:: Records for processing

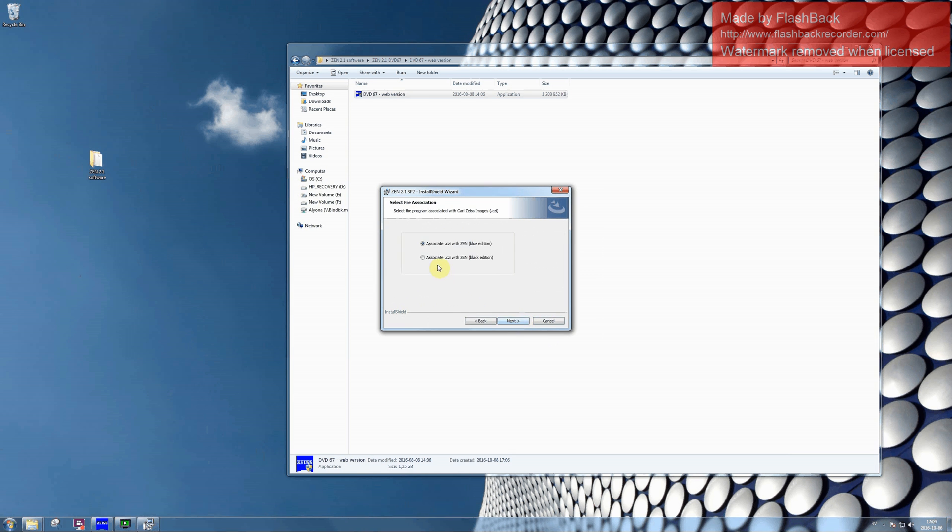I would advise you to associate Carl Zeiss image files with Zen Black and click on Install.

::::
:: Records for processing

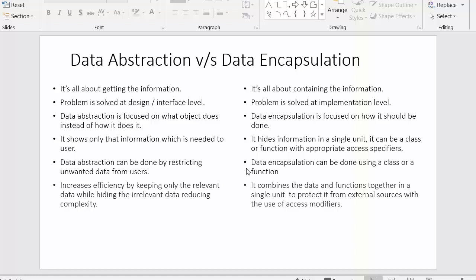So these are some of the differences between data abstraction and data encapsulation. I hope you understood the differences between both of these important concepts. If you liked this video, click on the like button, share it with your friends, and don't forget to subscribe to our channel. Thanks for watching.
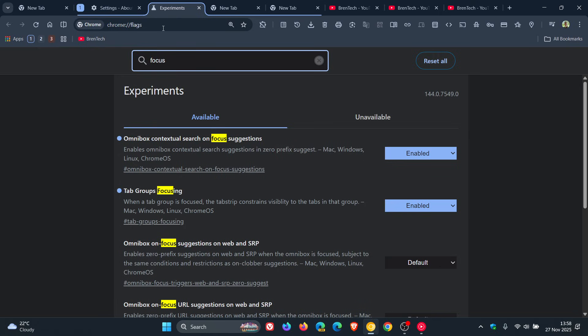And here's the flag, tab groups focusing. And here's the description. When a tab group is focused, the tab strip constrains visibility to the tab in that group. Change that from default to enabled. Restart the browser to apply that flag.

::::

> **Work to complete**: Everything between and including the line above containing "So these are" and the line containing "And here's the flag, tab" should be reproduced exactly, with pictures excluded.

> **Task answer**:
So these are some of the differences between data abstraction and data encapsulation. I hope you understood the differences between both of these important concepts. If you liked this video, click on the like button, share it with your friends, and don't forget to subscribe to our channel. Thanks for watching.
And here's the flag, tab groups focusing. And here's the description. When a tab group is focused, the tab strip constrains visibility to the tab in that group. Change that from default to enabled. Restart the browser to apply that flag.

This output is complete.